Bloody hell mate, that's horrendous.


I obviously never knew anything different - so I can't complain - but I really wish I'd been a better kid for my mother whilst she was still here.

Unfortunately, stuff happens - think about Alex Cairns.
fartcatcher

Not trying to restoke the fire here.
But the horrible malicious tweets posted by both pro and anti-Evans camps have made me realise what an evil bastard Twitter is in the wrong hands.
Heyho

fartcatcher wrote:
Not trying to restoke the fire here.
But the horrible malicious tweets posted by both pro and anti-Evans camps have made me realise what an evil bastard Twitter is in the wrong hands.


And isn't that what it's coming to - trial by social media
Frazier Cranium

Exactly.

Send him down!

Oh he has been, now he's back.

I actually believe that some people will not be happy until Evans kills himself.  But anyway, at least, at last, he has shown some contrition and sympathy for the girl (all in a written statement mind).  He should have done this within days of his release, the cretin, as a lot of crap would have been avoided.
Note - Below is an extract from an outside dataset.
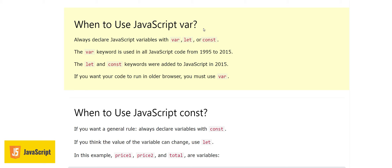Here are some important points on when to use the var keyword. Always declare JavaScript variables with var, let, or const. The var keyword was used in all JavaScript code from 1995 to 2015 — it's a very old way to declare variables. After 2015, two new keywords were introduced: let and const. If you want your code to run on older browsers, you must use var, because older browsers don't support let and const.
He still protests his innocence so therefore, saying sorry for a crime he believes he didn't commit would add up to an admission of guilt for rape, I get that, but it's extremely difficult to sympathise with him when he has taken so long to issue a decent statement.
Dock

I think Gordon Taylor has been unfairly treated by the media and he meant well with what he said and was in no way trivialising what happened to fans at Hillsborough, all he’s guilty of is not putting his point across clearly. But both him, Steve Bruce, and anybody else in a public high-profile position should just shut the fuck up until the case has been reviewed and concluded.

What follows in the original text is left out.